#### [WHAT IS REQUIRED]
What is needed is an exact repeat of the lines from the one holding "a christmas tree" through the final line of the data, with no pictures.

#### [INFORMATION SHOWN]
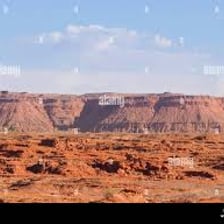 Flat-topped mesas rising from a Southwestern desert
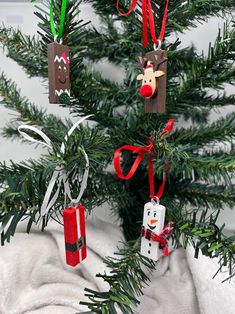 a christmas tree with ornaments hanging from it's branches in the shape of reindeers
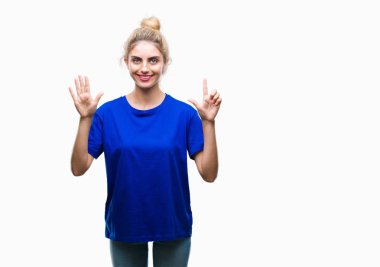 Gösterilen ve parmakları ile işaret izole arka plan üzerinde mavi t-shirt giyen genç güzel sarışın ve mavi gözlü kadın kendinden emin ve mutlu gülümseyerek süre yedi numara.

#### [THE COMPLETED TASK]
 a christmas tree with ornaments hanging from it's branches in the shape of reindeers
 Gösterilen ve parmakları ile işaret izole arka plan üzerinde mavi t-shirt giyen genç güzel sarışın ve mavi gözlü kadın kendinden emin ve mutlu gülümseyerek süre yedi numara.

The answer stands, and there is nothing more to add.